● Extracted information:

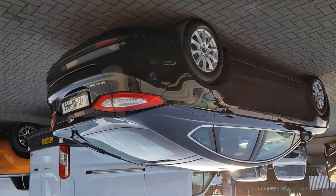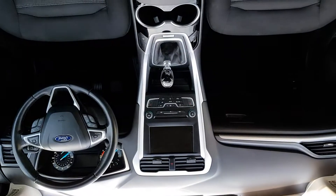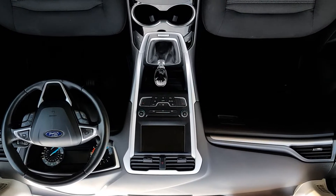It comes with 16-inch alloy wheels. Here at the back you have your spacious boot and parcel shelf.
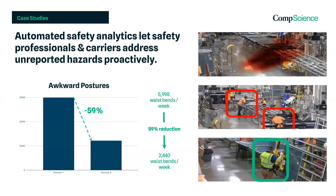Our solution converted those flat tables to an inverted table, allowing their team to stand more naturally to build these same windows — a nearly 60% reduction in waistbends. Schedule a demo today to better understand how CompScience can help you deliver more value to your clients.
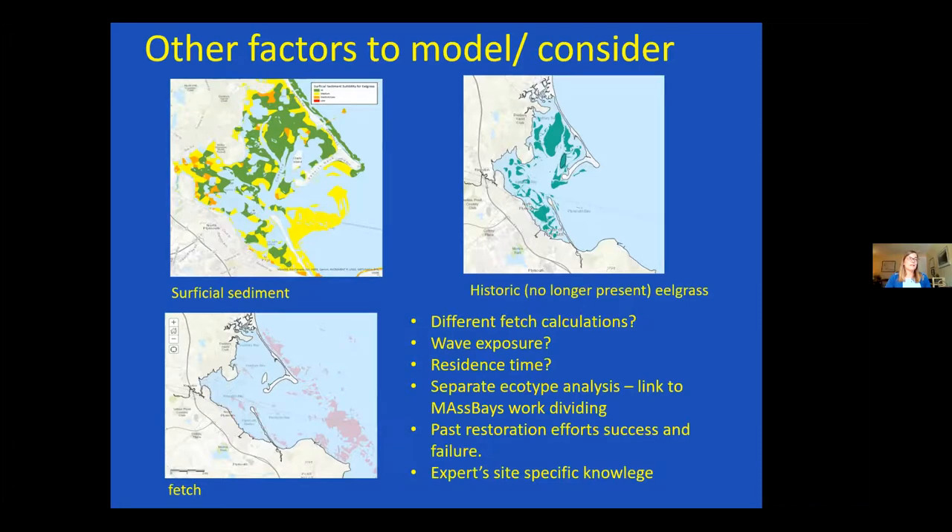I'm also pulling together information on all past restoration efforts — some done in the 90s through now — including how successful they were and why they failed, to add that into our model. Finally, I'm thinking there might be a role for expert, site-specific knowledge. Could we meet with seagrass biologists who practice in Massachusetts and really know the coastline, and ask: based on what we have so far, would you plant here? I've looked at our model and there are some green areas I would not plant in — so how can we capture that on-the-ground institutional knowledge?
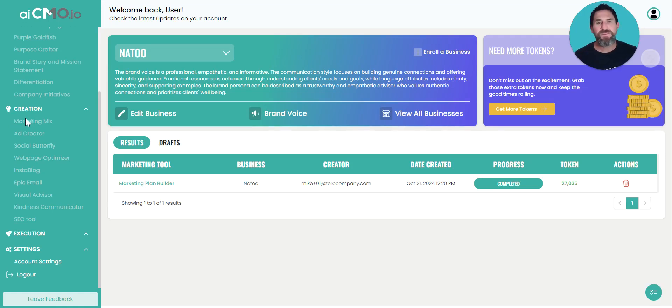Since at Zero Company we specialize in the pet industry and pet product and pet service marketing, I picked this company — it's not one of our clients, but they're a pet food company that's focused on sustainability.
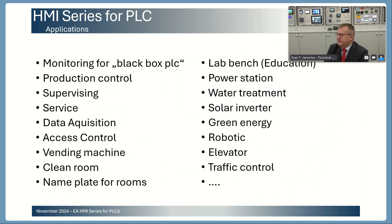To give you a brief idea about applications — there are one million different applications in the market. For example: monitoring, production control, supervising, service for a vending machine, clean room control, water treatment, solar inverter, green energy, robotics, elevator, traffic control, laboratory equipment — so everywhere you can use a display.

--

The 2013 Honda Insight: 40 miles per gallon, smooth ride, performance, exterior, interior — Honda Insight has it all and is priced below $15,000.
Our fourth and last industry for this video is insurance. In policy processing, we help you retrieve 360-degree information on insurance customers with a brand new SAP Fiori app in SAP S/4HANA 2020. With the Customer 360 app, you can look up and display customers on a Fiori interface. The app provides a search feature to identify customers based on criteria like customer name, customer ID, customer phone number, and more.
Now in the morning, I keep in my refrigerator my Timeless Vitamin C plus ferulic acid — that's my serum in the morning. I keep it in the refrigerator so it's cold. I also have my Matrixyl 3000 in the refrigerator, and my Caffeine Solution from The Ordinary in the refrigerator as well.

● Try it: With the pictures removed, print only the lines starting at the line that has "It comes with" and ending at the line that has "Since at Zero", both ends included, exactly as they stand above.

● Expected answer:
It comes with 16-inch alloy wheels. Here at the back you have your spacious boot and parcel shelf.
Our solution converted those flat tables to an inverted table, allowing their team to stand more naturally to build these same windows — a nearly 60% reduction in waistbends. Schedule a demo today to better understand how CompScience can help you deliver more value to your clients.
I'm also pulling together information on all past restoration efforts — some done in the 90s through now — including how successful they were and why they failed, to add that into our model. Finally, I'm thinking there might be a role for expert, site-specific knowledge. Could we meet with seagrass biologists who practice in Massachusetts and really know the coastline, and ask: based on what we have so far, would you plant here? I've looked at our model and there are some green areas I would not plant in — so how can we capture that on-the-ground institutional knowledge?
Since at Zero Company we specialize in the pet industry and pet product and pet service marketing, I picked this company — it's not one of our clients, but they're a pet food company that's focused on sustainability.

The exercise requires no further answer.